That skepticism manifested itself last week, when the Senate began the process of approving a so-called "war powers resolution," which would prohibit the president from taking any further military action in or against Venezuela without congressional authorization. Five Republicans joined all the Democrats in moving forward with the resolution, which will see a final vote later this week. It's mostly a symbolic move, as there are some further steps to go for the Senate to pass the resolution itself, and then it would have to go to the House. Even if it passed the House, it likely would be vetoed by the president. But it's a notable symbolic action, in that it underscores the divisions that exist, even among Republicans, about the situation.
Other geopolitical concerns include the unfolding situation in Iran, where millions of protestors have been taking to the streets; Ukraine, which is just a month away from hitting the four-year mark in its effort to push back the Russians; and the president's threats to use force against other countries in our hemisphere, including Colombia, Cuba, and Mexico. And there is the president's series of threats to take over Greenland, whether by force, by negotiation, or by purchasing it from Denmark.
Taken together, it feels like an abundance of unknowns to add to the list of uncertainties weighing on investors.
Number three on my list is the courts, especially the Supreme Court. There are lots of big decisions looming that could have profound ramifications for society at large, including the birthright citizenship case that could upend decades of social structure and a voting-rights case that could force yet another flurry of redrawing of Congressional district lines.
But there are two cases that will have a direct impact on the markets. One is the case I mentioned a few minutes ago, where the court will hear oral arguments on January 21 about whether the president has the ability to fire Fed Governor Lisa Cook. The other is the challenge to the bulk of the president's tariffs, a case that was argued in early November.
During those oral arguments, the court seemed skeptical that the president had properly used an emergency authority to impose the so-called "reciprocal" tariffs on imports from about 100 countries, as well as some of the tariffs on imports from Canada, China, and Mexico. The market seems to have priced in that the tariffs will be ruled illegal. That could trigger a complicated refund process for the estimated $150 billion in tariffs that have already been paid to date, although it's uncertain whether refunds will be part of the court's decision. If they are, it could be a boon for companies, especially big importers who have taken a hit from the increased levies.
Many court watchers thought the decision would be announced on January 9, when the court released its first batch of decisions in the new year. But that didn't happen. As each new batch of decisions rolls out, companies hoping for tariff rebates, as well as investors, will be watching closely to see how this decision comes down.
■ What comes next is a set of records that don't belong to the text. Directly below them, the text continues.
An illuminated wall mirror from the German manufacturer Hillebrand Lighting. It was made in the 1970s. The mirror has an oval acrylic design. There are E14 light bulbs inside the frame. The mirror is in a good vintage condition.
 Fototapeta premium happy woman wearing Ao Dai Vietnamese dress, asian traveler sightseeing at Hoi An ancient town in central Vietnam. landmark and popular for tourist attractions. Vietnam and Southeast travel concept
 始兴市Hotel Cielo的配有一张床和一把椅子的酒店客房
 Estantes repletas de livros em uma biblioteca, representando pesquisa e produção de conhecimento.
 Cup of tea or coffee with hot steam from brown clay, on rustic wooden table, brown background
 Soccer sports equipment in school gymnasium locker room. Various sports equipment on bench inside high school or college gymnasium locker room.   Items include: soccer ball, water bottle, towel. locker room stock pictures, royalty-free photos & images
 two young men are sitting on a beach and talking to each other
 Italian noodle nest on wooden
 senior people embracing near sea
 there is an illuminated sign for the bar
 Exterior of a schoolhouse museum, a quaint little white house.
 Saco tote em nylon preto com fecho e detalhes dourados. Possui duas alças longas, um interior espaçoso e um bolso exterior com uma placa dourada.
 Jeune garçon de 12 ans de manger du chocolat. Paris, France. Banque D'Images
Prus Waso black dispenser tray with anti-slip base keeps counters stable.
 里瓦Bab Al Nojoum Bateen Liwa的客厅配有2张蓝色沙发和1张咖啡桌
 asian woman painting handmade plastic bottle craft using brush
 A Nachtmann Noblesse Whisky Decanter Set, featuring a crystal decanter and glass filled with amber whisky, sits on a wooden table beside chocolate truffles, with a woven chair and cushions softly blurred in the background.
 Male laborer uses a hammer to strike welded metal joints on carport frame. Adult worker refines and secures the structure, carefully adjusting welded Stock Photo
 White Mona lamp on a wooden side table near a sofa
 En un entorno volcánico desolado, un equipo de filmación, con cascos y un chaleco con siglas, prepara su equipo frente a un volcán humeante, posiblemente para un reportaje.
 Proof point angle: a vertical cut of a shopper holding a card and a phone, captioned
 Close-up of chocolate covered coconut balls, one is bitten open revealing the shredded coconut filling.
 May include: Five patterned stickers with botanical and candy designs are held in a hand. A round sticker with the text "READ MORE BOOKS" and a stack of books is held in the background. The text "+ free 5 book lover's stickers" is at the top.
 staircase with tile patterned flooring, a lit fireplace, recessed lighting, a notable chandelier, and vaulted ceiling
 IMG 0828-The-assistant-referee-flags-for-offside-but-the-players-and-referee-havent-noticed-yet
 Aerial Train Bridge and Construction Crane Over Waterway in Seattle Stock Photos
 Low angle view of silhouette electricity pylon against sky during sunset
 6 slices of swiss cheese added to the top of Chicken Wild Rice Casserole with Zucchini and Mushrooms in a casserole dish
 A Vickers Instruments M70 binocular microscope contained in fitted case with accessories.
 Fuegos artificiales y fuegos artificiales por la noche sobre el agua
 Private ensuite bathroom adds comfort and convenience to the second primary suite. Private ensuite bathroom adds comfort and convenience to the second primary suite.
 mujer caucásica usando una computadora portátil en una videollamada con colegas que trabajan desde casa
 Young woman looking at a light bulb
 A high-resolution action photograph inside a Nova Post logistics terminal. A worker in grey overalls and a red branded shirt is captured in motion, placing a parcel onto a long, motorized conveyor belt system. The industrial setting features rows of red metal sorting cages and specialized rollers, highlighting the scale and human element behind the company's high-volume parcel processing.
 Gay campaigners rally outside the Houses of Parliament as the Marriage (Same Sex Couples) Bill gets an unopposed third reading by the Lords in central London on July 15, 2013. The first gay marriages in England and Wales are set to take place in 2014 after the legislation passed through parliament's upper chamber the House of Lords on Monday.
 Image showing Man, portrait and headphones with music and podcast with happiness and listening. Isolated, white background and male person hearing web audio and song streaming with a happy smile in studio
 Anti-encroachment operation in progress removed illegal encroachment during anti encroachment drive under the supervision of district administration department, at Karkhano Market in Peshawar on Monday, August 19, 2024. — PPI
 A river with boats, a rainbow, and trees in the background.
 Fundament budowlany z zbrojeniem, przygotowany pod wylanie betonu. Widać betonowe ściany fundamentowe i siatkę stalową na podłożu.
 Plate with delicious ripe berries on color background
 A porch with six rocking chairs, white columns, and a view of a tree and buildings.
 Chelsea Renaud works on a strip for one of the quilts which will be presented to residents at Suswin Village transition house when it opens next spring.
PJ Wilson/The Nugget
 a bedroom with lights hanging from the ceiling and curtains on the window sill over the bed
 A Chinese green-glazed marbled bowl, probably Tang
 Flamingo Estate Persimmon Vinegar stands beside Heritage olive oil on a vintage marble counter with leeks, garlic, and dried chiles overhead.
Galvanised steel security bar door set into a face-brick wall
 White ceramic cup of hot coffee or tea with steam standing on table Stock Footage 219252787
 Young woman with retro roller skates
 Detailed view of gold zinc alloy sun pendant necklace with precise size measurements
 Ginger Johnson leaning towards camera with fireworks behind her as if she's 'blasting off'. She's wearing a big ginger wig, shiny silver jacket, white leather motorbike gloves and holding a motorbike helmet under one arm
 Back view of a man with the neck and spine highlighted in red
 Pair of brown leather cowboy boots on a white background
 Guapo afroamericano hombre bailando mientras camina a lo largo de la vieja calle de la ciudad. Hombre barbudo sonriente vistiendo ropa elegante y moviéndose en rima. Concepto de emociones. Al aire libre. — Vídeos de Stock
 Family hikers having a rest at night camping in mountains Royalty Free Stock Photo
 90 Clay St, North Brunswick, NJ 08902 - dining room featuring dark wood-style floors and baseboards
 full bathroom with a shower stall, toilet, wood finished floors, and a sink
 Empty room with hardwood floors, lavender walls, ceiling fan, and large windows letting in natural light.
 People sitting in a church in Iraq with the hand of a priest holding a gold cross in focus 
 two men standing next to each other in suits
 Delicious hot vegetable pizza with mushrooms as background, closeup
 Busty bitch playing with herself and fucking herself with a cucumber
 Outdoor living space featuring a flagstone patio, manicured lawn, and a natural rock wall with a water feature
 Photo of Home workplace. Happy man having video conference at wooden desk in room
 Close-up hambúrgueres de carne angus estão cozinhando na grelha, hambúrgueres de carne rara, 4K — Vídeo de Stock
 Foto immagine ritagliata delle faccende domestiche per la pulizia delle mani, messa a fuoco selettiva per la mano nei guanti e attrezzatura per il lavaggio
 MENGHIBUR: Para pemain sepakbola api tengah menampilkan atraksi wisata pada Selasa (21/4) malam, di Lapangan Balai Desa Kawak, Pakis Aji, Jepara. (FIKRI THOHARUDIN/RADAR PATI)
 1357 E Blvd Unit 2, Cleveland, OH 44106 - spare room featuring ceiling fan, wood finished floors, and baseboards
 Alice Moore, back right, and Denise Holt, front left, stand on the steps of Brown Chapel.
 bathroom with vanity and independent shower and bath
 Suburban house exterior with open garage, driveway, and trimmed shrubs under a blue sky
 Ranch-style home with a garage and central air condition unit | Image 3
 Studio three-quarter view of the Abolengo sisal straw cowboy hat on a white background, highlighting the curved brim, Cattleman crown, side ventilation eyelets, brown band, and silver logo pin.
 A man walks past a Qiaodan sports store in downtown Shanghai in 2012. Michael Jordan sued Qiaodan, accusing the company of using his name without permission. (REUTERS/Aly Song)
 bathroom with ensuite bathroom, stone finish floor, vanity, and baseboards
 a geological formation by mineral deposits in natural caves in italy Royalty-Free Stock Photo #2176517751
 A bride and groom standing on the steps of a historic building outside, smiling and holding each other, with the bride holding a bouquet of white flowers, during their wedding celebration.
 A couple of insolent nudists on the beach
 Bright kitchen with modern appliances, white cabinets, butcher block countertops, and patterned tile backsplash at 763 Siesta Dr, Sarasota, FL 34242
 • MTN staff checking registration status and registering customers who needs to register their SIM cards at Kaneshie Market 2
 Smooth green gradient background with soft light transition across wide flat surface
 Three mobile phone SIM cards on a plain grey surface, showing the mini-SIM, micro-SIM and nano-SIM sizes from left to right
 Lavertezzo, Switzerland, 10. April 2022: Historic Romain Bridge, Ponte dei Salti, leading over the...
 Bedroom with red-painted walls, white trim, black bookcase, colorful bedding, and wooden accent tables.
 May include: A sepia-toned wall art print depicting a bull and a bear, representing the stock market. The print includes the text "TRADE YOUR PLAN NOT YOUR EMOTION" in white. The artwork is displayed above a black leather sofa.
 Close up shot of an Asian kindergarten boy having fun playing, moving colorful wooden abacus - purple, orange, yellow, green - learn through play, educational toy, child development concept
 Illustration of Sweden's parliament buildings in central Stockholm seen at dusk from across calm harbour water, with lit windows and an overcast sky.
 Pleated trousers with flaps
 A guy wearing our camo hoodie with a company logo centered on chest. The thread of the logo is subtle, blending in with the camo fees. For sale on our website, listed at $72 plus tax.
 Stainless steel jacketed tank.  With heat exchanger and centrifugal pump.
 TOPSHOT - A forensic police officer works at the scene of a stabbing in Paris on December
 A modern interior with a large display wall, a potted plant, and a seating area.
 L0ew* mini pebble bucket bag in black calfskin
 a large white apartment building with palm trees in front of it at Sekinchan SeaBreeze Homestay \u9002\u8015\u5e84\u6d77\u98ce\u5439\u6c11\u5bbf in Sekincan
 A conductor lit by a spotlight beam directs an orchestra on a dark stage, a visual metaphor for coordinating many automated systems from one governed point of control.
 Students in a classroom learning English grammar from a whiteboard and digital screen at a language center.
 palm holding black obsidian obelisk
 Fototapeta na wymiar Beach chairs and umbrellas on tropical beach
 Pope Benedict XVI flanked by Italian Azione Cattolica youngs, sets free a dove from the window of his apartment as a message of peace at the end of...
Number four on my list is Congress. Generally, the markets seem to be ignoring the ample examples of Congressional dysfunction, but here are four debates that could cause the markets to respond:
First, will there be a second government shutdown? Congress is once again racing the clock. The agreement reached in November to end the longest shutdown in U.S. history only funds the government through January 30. To date, Congress has passed just three of the 12 appropriations bills to fund every government agency and federal program. Last week, the House passed a package of three of the nine remaining bills, which would fund the Departments of Commerce, Energy, Interior, and Justice, as well as the EPA and water and science programs. The Senate is moving forward on that package now. But the trickiest appropriations bills—those funding the Pentagon, Homeland Security, and the Labor and Health and Human Services departments—still remain. Getting them all done by the end of the month is a longshot. But the attitude on both sides of the aisle is different than it was last fall—neither party seems interested in another shutdown. I expect most of the appropriations bills to be completed in time, and then a temporary extension of funding for the rest while negotiations continue. I can't rule a shutdown out, but the odds seem low at this point. Markets historically have not reacted strongly to shutdowns, though a second shutdown in the span of just a few months could add to growing concerns in the market that the U.S. just cannot get its fiscal house in order.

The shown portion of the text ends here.